Like the picture . Keep them coming,


----------



## Nicodemus (Feb 20, 2006)

Great picture Rip! Keep it goin`!


----------



## Abolt20 (Feb 20, 2006)

Nice Picture


----------



## BIGABOW (Feb 21, 2006)

you have fantastic skills my friend


----------



## rip18 (Feb 21, 2006)

Thanks guys!  

Here is one more from that day...


----------



## billy336 (Feb 21, 2006)

Great pic, that hawk seems to like watchin' deer too.


----------



## Win270Brown (Feb 21, 2006)

Sweet pic!


----------



## Al33 (Feb 21, 2006)

WOW! I'm impressed! Fantastic photographs. Real nice just to look at for a spell.

You defintely have some awesome shutter talent. I will be looking forward to your future posts with great anticipation.
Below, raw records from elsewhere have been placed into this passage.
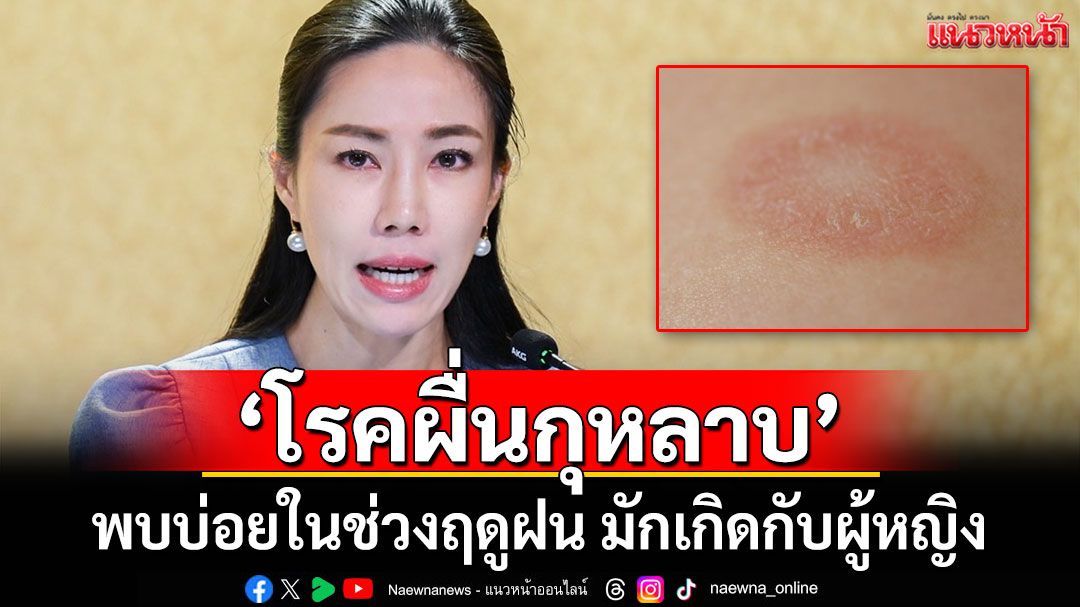 เตือน'โรคผื่นกุหลาบ' พบบ่อยในช่วงฤดูฝน มักเกิดกับผู้หญิง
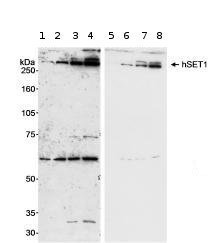 Lanes 1 - 4 :  Anti-hSET1 antibody (ab70379) at 1 µg/mlLanes 5 - 8 :  Anti-hSET1 antibody (ab70379) at 0.2 µg/mlLane 1 : 293T whole cell lysate at 100 µgLane 2 : 293T whole cell lysate at 200 µgLane 3 : 293T nuclear lysate at 100 µgLane 4 : 293T nuclear lysate at 200 µgLane 5 : 293T whole cell lysate at 100 µgLane 6 : 293T whole cell lysate at 200 µgLane 7 : 293T nuclear lysate at 100 µgLane 8 : 293T nuclear lysate at 200 µgdeveloped using the ECL technique
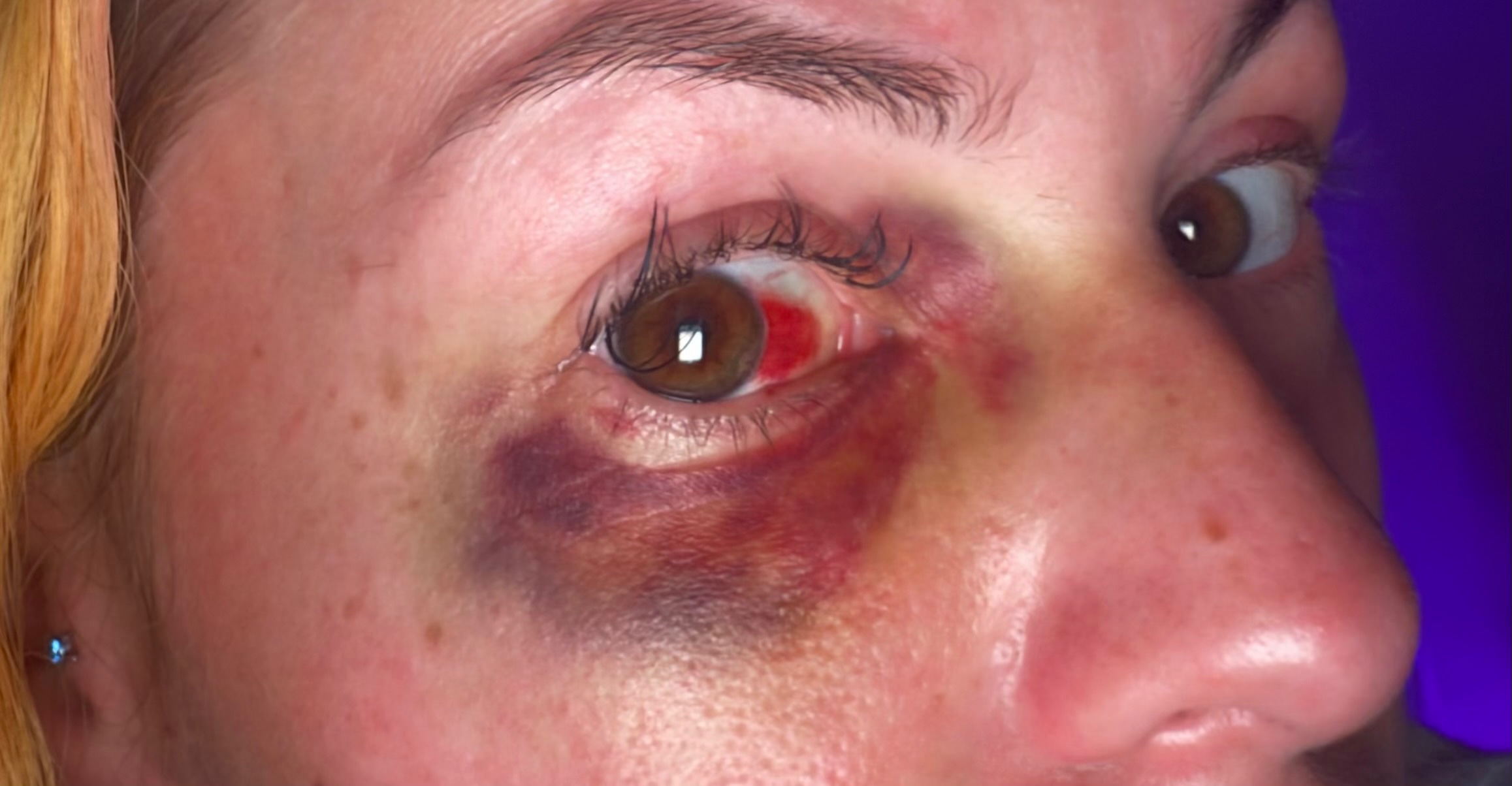 Help Pam Seek Justice on domestic violence and heal campaign photo, 6 of 8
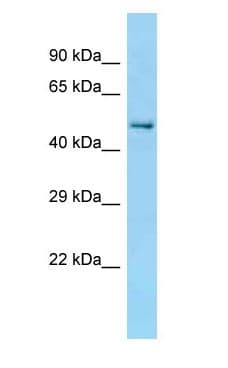 CCT2 / CCT Beta Antibody (aa89-138)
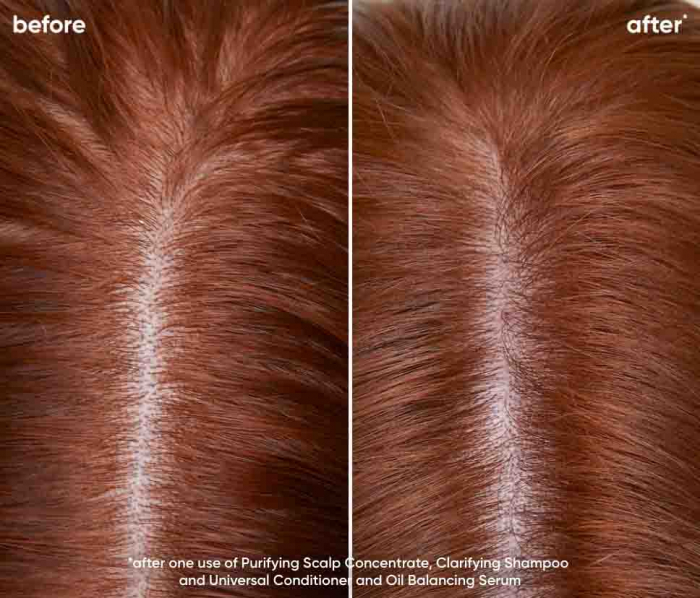 Sampon Biolage Scalp Sync Clarifiant 250ml [4]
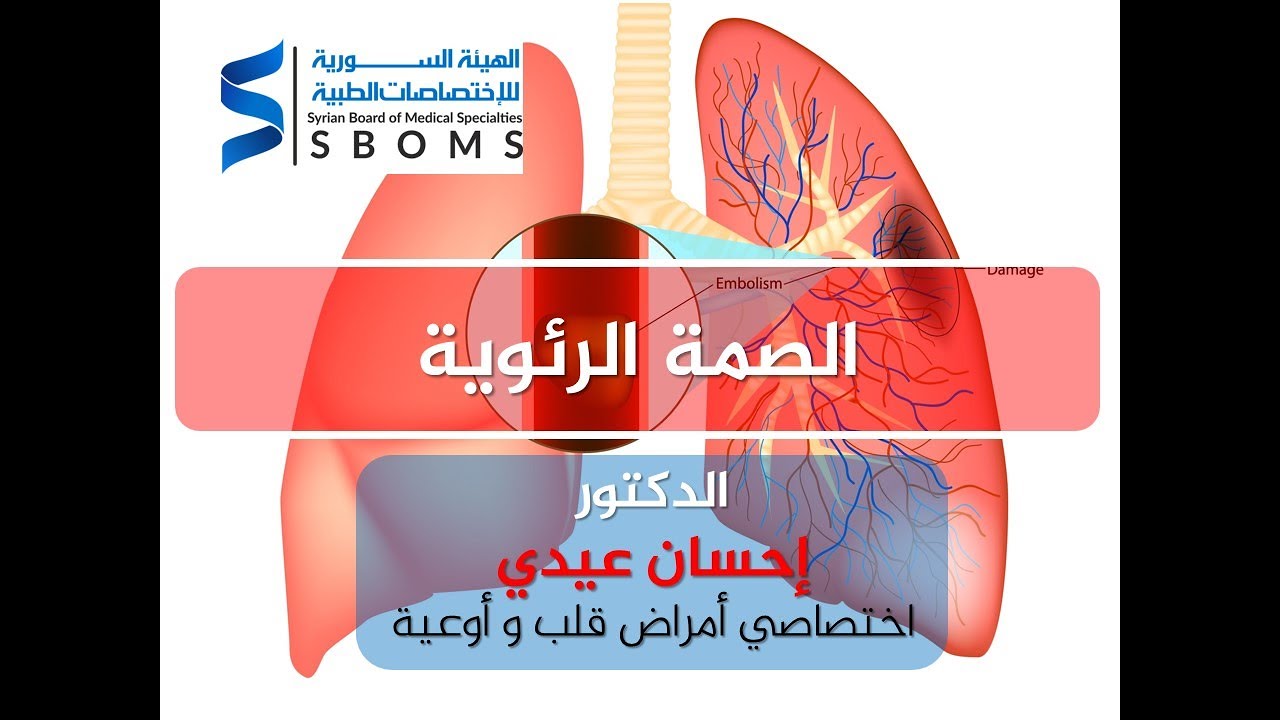 الهيئة السورية للاختصاصات الطبية الصمة الرئوية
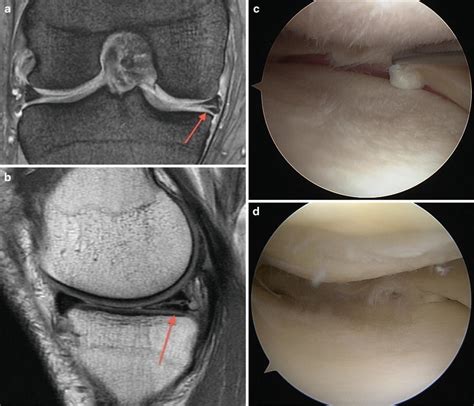 Meniscus Tear MRI Correlation | Radiology Key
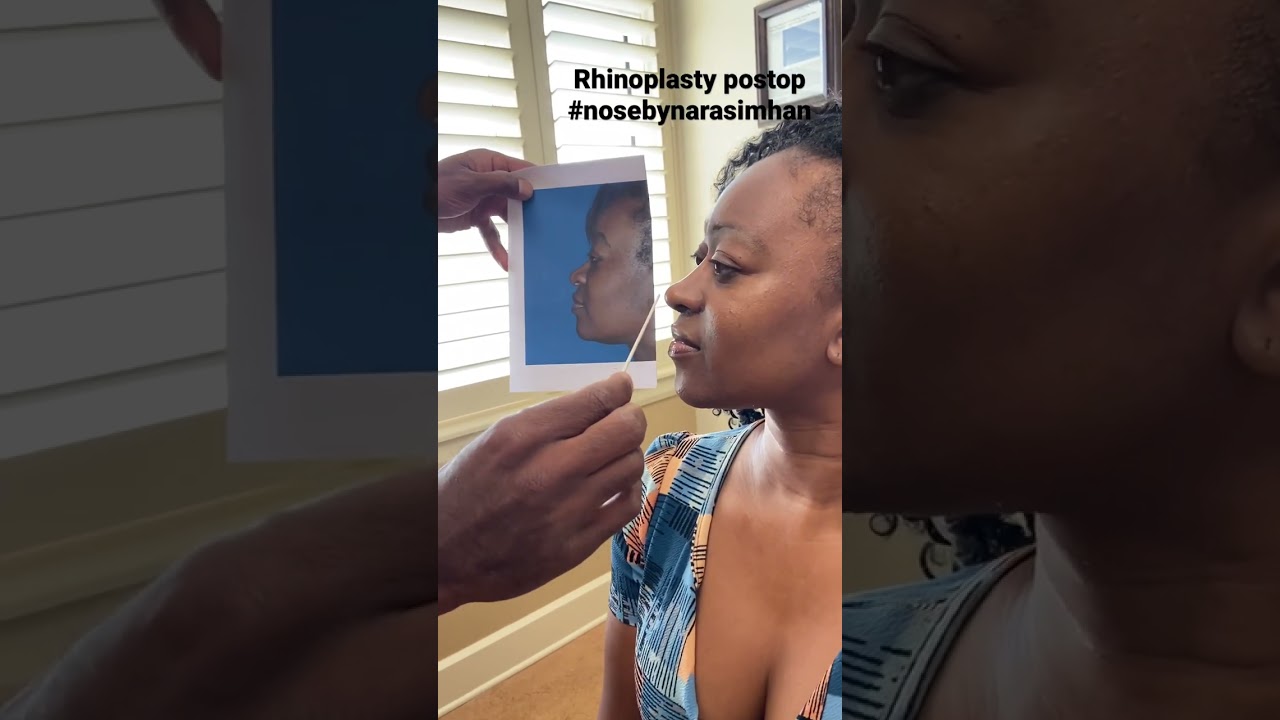Post-rhinoplasty consultation with before-and-after photo.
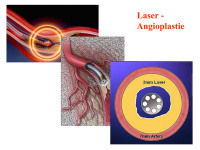 Abbildung 66: Laser-Angioplastie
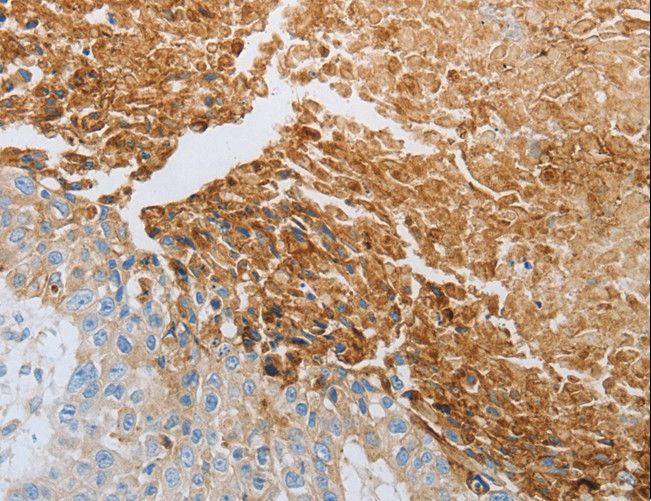 RTN4 / Nogo Antibody - Immunohistochemistry of paraffin-embedded Human esophagus cancer using RTN4 Polyclonal Antibody at dilution of 1:40.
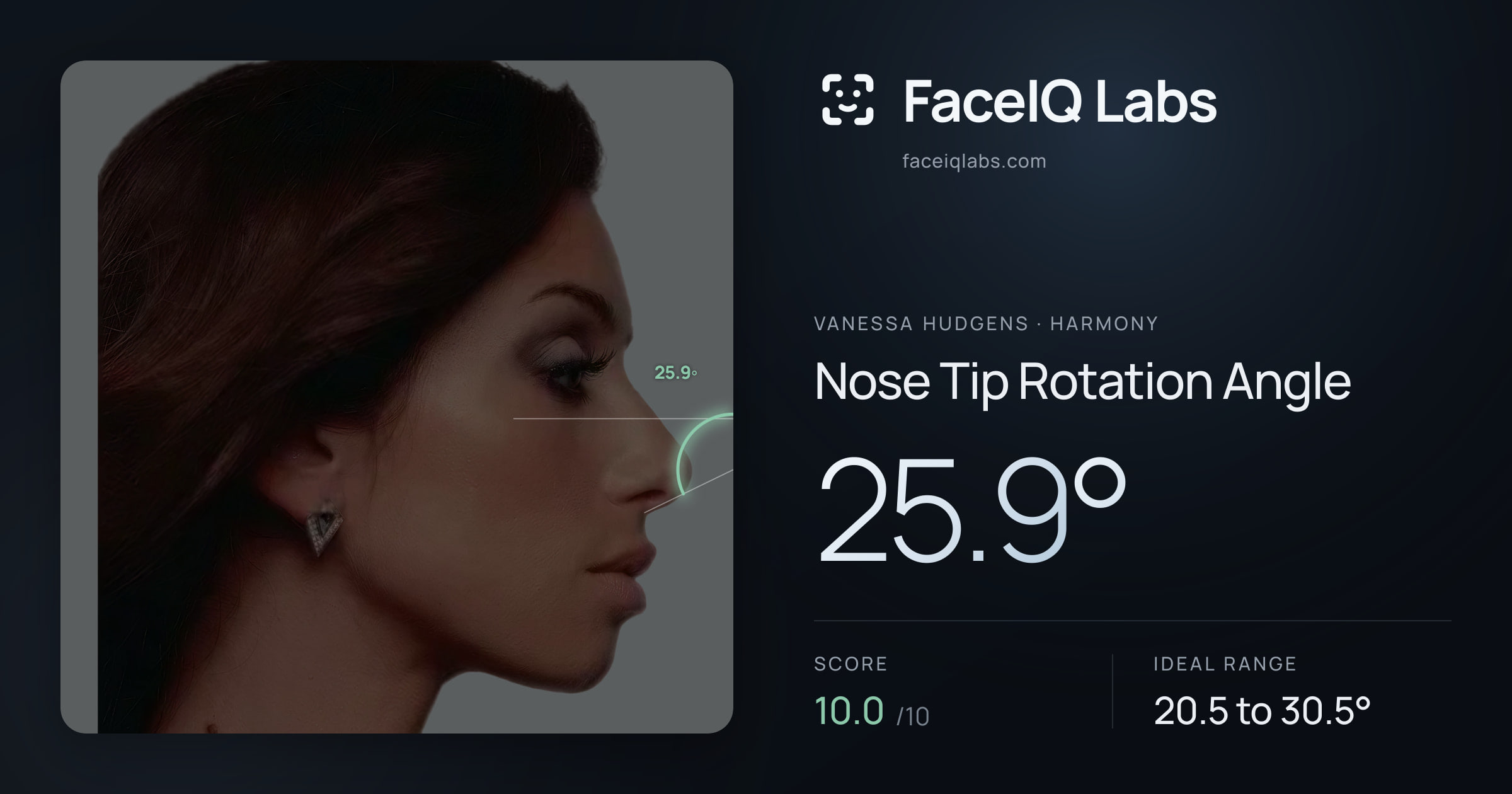 Vanessa Hudgens Nose Tip Rotation Angle: 25.9°, drawn on the photo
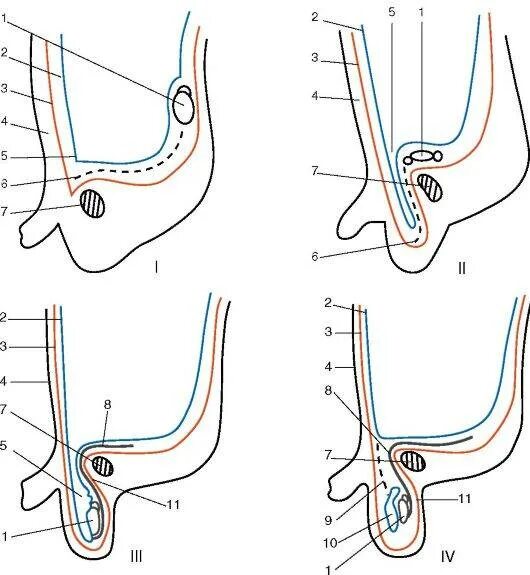 Опущение яичка анатомия. Крипторхизм эмбриогенез. Этапы опускания яичка. Процесс опускания яичка анатомия. Не опускаются яички что делать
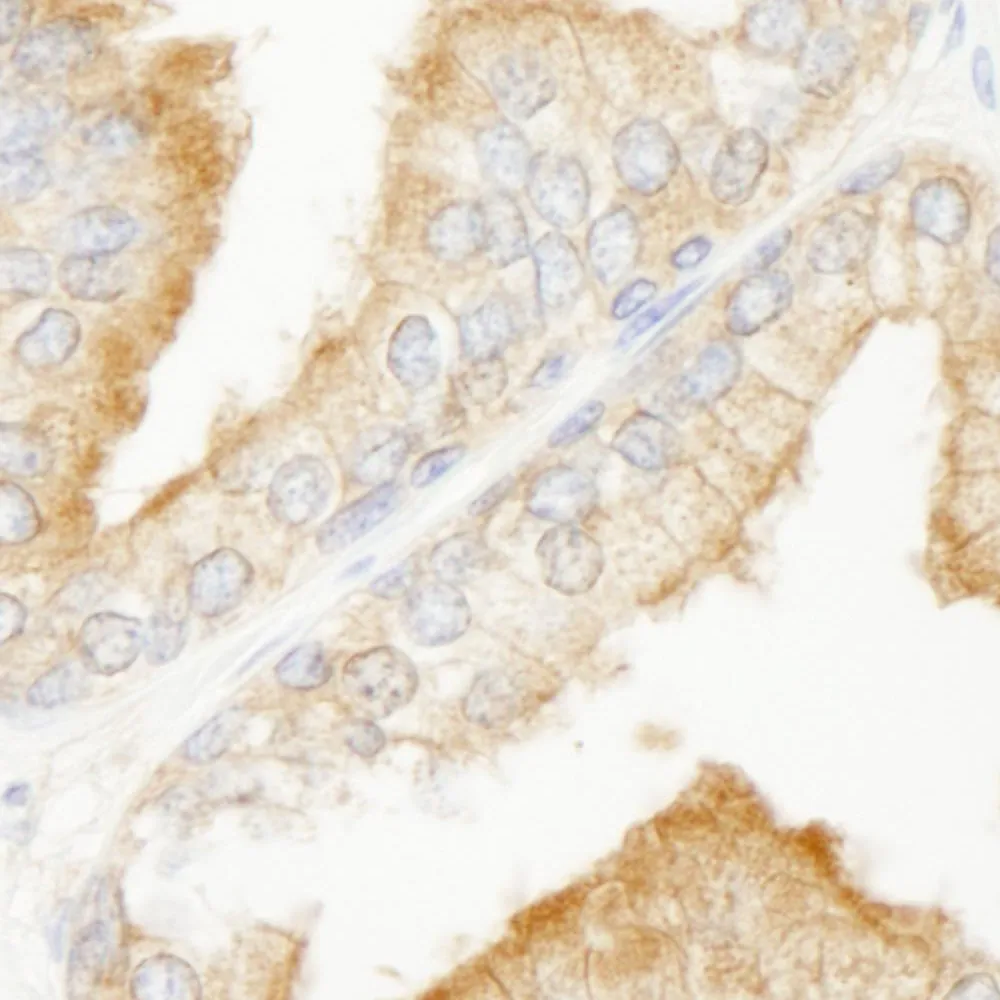 Rabbit anti-KANK2/SIP IHC Antibody, Affinity Purified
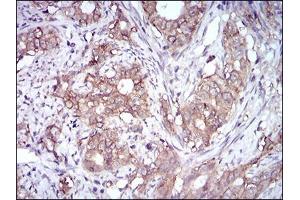 Immunohistochemical analysis of paraffin-embedded cervical cancer tissues using EPCAM mouse mAb with DAB staining. (EpCAM 抗体  (AA 24-265))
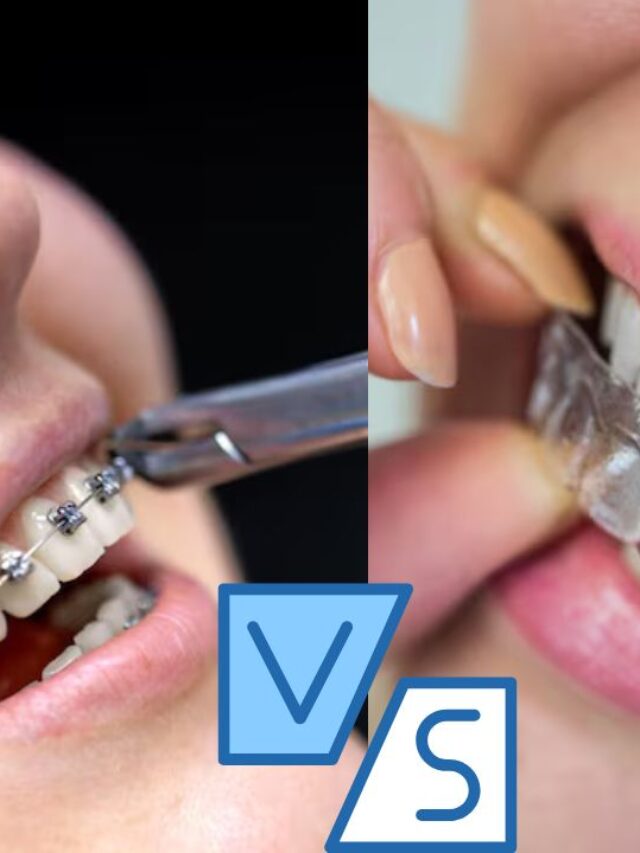 Clear aligners & traditional metal braces side by side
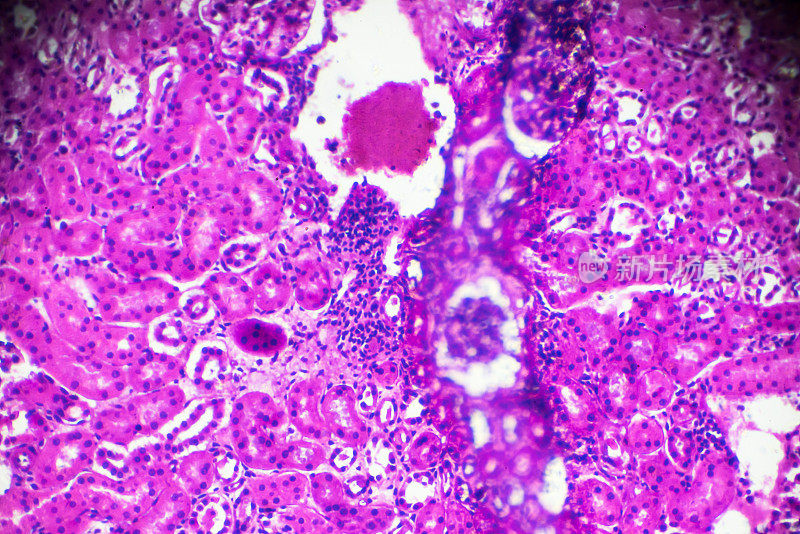 显微镜下急性肾盂肾炎活检标本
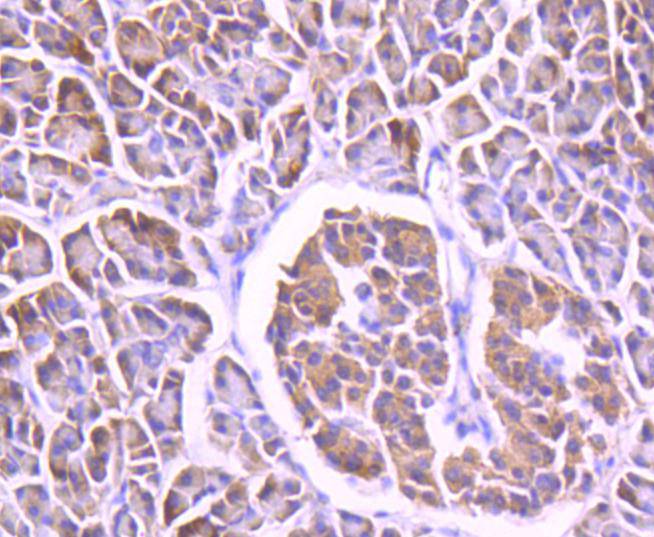 FOXO4 Rabbit mAb[49179]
Please keep them coming.

Al


----------



## Gagirl77 (Feb 21, 2006)

now that is a great picture!!!!!!


----------



## bigswamp (Feb 21, 2006)

more nice pics rip...looking forward to the next ones.


----------



## Vernon Holt (Feb 21, 2006)

That is what you call "getting it all together".  Great shot!


----------



## shadow2 (Feb 21, 2006)

I do love good pics of deer in a swamp for  some reason.  I just think swamps are great


----------



## Meriwether Mike (Feb 21, 2006)

Those are some great shots. That deer in the water makes me get cold just looking at her.


----------



## rip18 (Feb 21, 2006)

I got lucky & had really cooperative deer that evening & pretty good light, so a couple of more from that day.  If y'all keep making positive comments, maybe my wife will let me replace the big lens I broke over a year ago....     Thanks!


----------



## rip18 (Feb 21, 2006)

Maybe somebody can explain to me why it is that it is seldom enough to get DEER to cooperate, but getting a decent buck to cooperate is even rarer?????  I did not even SEE a buck in the first evening of shooting or the second, though I had two different groups of does & fawns that were VERY cooperative.


----------



## Headshot (Feb 21, 2006)

Awesome pictures.  Thanks for sharing them with us.  Please keep posting them.
Headshot


----------



## kevincox (Feb 21, 2006)

Great photo!


----------



## Brent (Feb 22, 2006)

Excellent photos. Good job!


----------



## rip18 (Feb 22, 2006)

This is the last one for this set.  I'm tapped out; all the rest are just variations on the same type shots.


----------